The longest way must have its close--the gloomiest night will wear on to a morning.
HARRIET BEECHER STOWE
Uncle Tom's Cabin
Be willing to be a beginner every single morning.
MEISTER ECKHART
attributed, Wisdom for the Soul: Five Millennia of Prescriptions for Spiritual Healing
I am not a Sunday morning inside four walls
with clean blood
and organized drawers.
I am the hurricane setting fire to the forests
at night when no one else is alive
or awake
CHARLOTTE ERIKSSON
The Glass Child
The dusk drew earlier in,
The morning foreign shone--
A courteous, yet harrowing grace,
As guest who would be gone.
EMILY DICKINSON
"As imperceptibly as grief"
An hour before the worshipp'd sun
Peer'd from the golden window of the east.
WILLIAM SHAKESPEARE
Romeo and Juliet
Dawn, thy opportunity is full! We, alas, know not the meaning of thy gorgeous page. Dazed we watch thy letters pale; cold embers, left upon the sky; Life's opportunity flickering into naught.
ELISE PUMPELLY CABOT
"Arizona"
When Dawn strides out to wake a dewy farm
Across green fields and yellow hills of hay
The little twittering birds laugh in his way
And poise triumphant on his shining arm.
He bears a sword of flame but not to harm
The wakened life that feels his quickening sway
And barnyard voices shrilling "It is day!"

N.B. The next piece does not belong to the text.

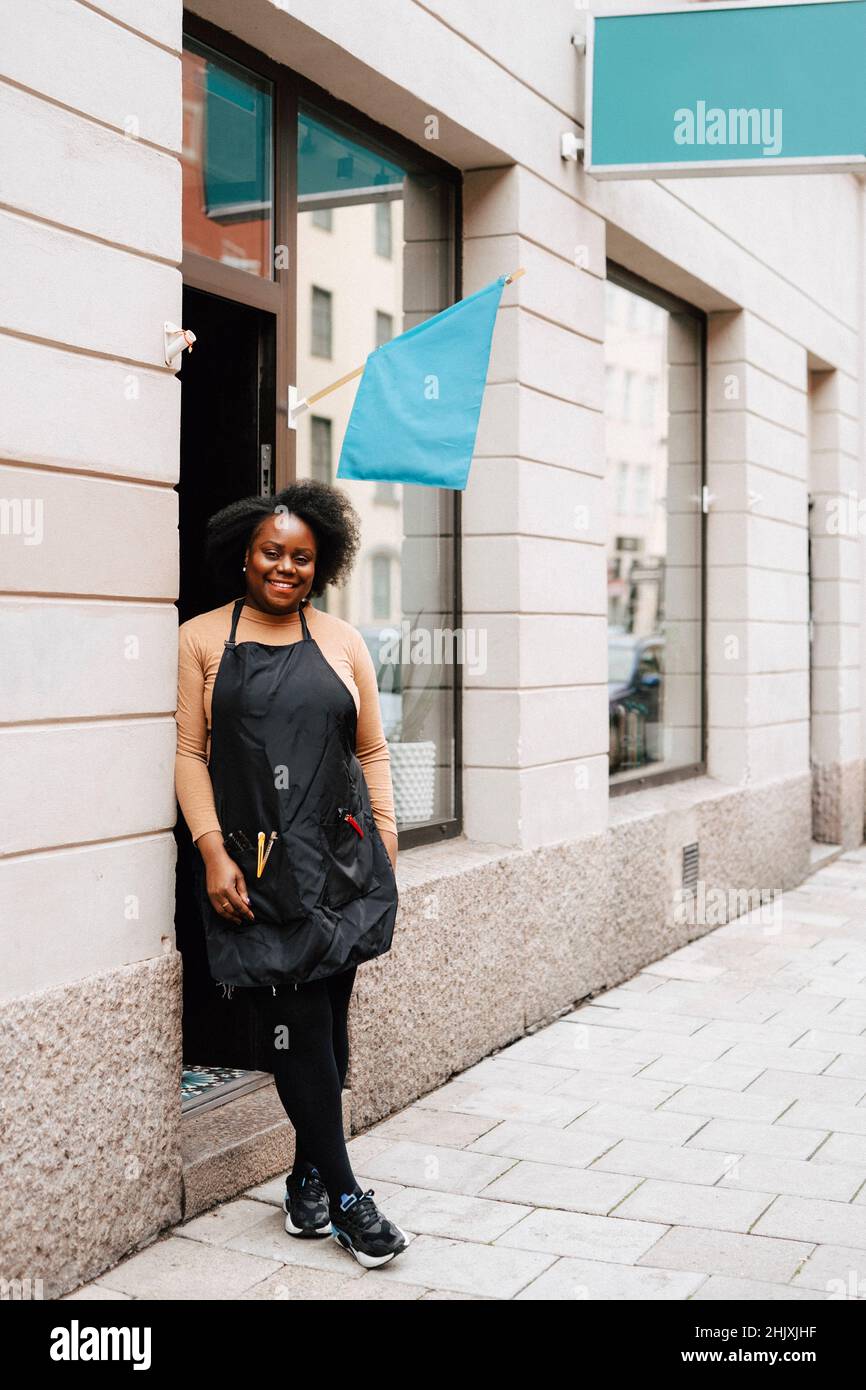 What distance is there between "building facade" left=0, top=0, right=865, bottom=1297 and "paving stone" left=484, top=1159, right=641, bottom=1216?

Take by his grace a new and alien charm.
But in the city, like a wounded thing
That limps to cover from the angry chase,
He steals down streets where sickly arc-lights sing,
And wanly mock his young and shameful face;
And tiny gongs with cruel fervor ring
In many a high and dreary sleeping place.
JOYCE KILMER
"Alarm Clocks"
Night's candles are burnt out, and jocund day
Stands tiptoe on the misty mountain tops.
WILLIAM SHAKESPEARE
Romeo and Juliet
Each morning is a fresh beginning. We are, as it were, just beginning life. We have it entirely in our own hands. And when the morning with its fresh beginning comes, all yesterdays should be yesterdays, with which we have nothing to do. Sufficient is it to know that the way we lived our yesterday has determined for us our today.
RALPH WALDO TRINE
In Tune With the Infinite
On, on we went, till at last the east began to blush like the cheek of a girl. Then there came faint rays of primrose light, that changed presently to golden bars, through which the dawn glided out across the desert. The stars grew pale and paler still, till at last they vanished; the golden moon waxed wan, and her mountain ridges stood out against her sickly face like the bones on the cheek of a dying man. Then came spear upon spear of light flashing far away across the boundless wilderness, piercing and firing the veils of mist, till the desert was draped in a tremulous golden glow, and it was day.